Символизм как миропонимание (сборник) - Андрей Белый
Шрифт:
Интервал:
Закладка:
В России не выпрямлялась личность, не отливалась в формы, но одна форма равно придавила всех: не многообразие форм — единообразие задавило нас. Нас задавила — одна ледяная равнина. У нас — один общий враг. И тайны многих — одно: одинаково в тайне перекликаемся мы друг с другом. Ледяная равнина — не жизнь — смерть; не бодрствование — кошмар. Искони нас замучил кошмар Черта: и в тайне своей народ — против одного — против Черта. Вот почему между нами, если мы — народ, одна связь, одна религия[92]. На Западе каждый — против всех; у нас — все против одного; и потому-то индивидуализм в России всегда разлагает религию. Так крепла в нас, так отобразилась в литературе религия народа. Мы можем казаться себе не религиозными, но это только в сознании; в бессознательной, в жизненной стихии своей мы религиозны, если народны; и народны, если религиозны. Религия есть универсальная связь; она не в форме, но в духе.
Вот почему интеллигентский индивидуализм влекся к западному универсализму. Западниками у нас были искони индивидуалисты. Наоборот, искони индивидуалисты Запада преклонялись пред нашей литературой, глубоко народной; религия их звучала в глубине личности; религия наша — в общей связи, в общих лозунгах. Но общий лозунг и лозунг индивидуальный сочетаемы в религию, ибо религия — есть религия единого.
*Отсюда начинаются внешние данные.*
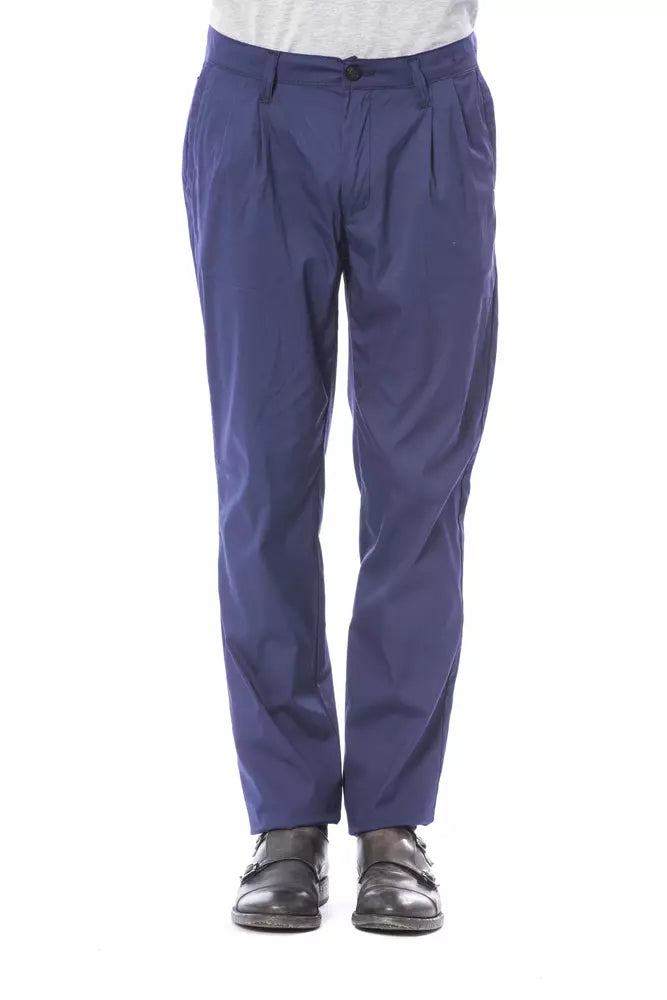 Verri Blue Cotton Men's Chino Pant - ClickThatClicks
Вот почему лозунги русской литературы, универсальные для нас, звучали индивидуально для Запада. Вот почему Ницше видел в Достоевском не выражение стремлений целого народа, а только индивидуальный призыв; Достоевский, этот универсалист, казался Ницше великим индивидуалистом, как великий индивидуалист Ницше для целой группы русских символистов явился в свое время переходом к христианству. Без Ницше не возникла бы у нас проповедь неохристианства. Индивидуальное Запада легче усваивается стихией нашего народа, потому что религия жизни — на Западе с индивидуалистами, как у нас она с народом. И наоборот: все универсальное Запада усваивается русскими индивидуалистами в большей мере, нежели индивидуальное.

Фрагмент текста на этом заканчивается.